Una serie de ataques ejecutados por Israel y Estados Unidos ha provocado la muerte de altos funcionarios políticos, militares y religiosos de Irán, en lo que se considera uno de los mayores golpes a la estructura de poder del país en las últimas décadas.

Entre las víctimas más destacadas se encuentra el líder supremo, Alí Jameneí, quien falleció el pasado 28 de febrero durante los primeros bombardeos. Jameneí era la máxima autoridad del Estado iraní desde 1989 y su muerte marca un antes y un después en la política del país.

También murió Alí Lariyani, figura clave en la seguridad nacional y uno de los hombres más influyentes del sistema político iraní, tras un ataque en Teherán el 17 de marzo.

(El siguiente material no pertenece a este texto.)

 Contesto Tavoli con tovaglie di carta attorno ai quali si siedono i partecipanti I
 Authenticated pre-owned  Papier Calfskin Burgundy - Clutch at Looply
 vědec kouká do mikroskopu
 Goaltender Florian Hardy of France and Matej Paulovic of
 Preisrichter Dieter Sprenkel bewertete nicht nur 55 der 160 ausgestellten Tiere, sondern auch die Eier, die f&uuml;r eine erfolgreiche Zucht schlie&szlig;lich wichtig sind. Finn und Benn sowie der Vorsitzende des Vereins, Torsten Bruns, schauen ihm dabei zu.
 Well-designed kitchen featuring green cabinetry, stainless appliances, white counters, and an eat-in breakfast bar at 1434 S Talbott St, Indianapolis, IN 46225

En el ámbito militar, fueron abatidos altos mandos como el jefe del Estado Mayor, Abdorrahim Musaví, y el comandante de la Guardia Revolucionaria, Mohamad Pakpur, ambos piezas fundamentales en la estrategia de defensa del país.
Asimismo, el conflicto cobró la vida del ministro de Defensa, Aziz Nasirzadeh, y del ministro de Inteligencia, Ismail Jatib, debilitando significativamente los órganos de seguridad interna y externa.
Las bajas también alcanzaron a la milicia Basij, donde murió su comandante, Gholamreza Soleimani, así como a otros altos oficiales vinculados a operaciones de inteligencia.
El gobierno de Irán ha calificado a los fallecidos como “mártires” y ha reiterado su compromiso de responder a los ataques, lo que mantiene en tensión a toda la región de Medio Oriente y genera preocupación a nivel internacional por una posible escalada del conflicto.
Expertos advierten que la eliminación de figuras clave del liderazgo iraní podría desencadenar cambios profundos en la estructura política del país, así como nuevas fases de confrontación en el escenario global.